Copy each line below exactly and leave the pictures out.

━━━━━ Recorded data

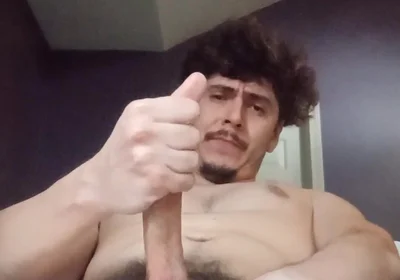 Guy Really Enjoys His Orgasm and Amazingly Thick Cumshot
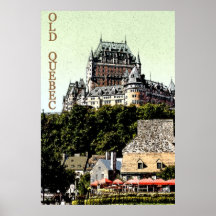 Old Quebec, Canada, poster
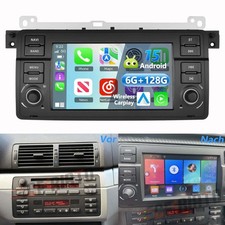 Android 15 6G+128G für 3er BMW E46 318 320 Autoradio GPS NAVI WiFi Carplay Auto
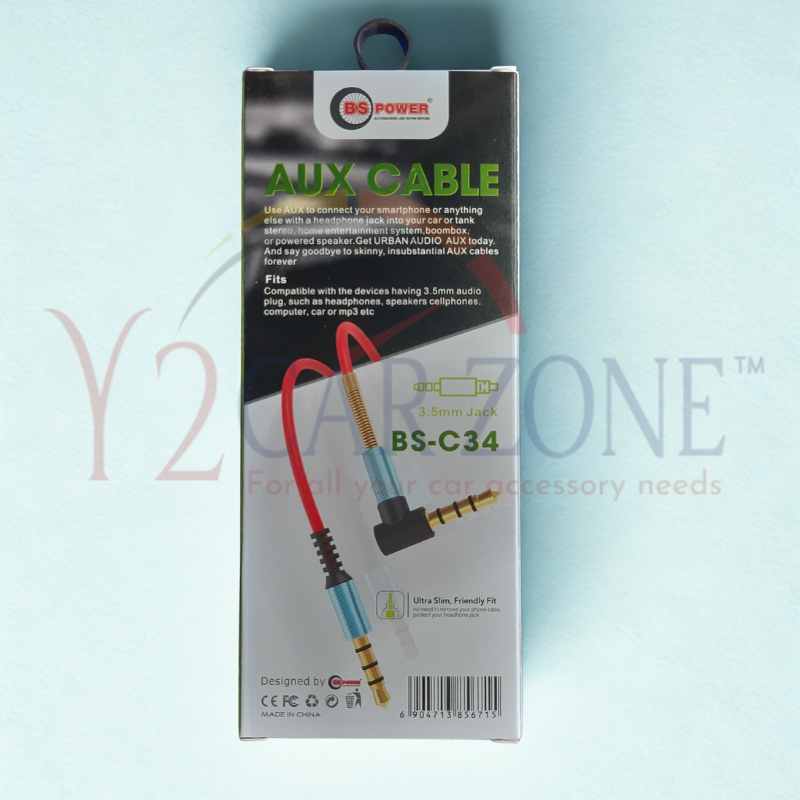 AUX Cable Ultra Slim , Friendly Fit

━━━━━━━━━━

#### Answer to this exercise
 Guy Really Enjoys His Orgasm and Amazingly Thick Cumshot
 Old Quebec, Canada, poster
 Android 15 6G+128G für 3er BMW E46 318 320 Autoradio GPS NAVI WiFi Carplay Auto
 AUX Cable Ultra Slim , Friendly Fit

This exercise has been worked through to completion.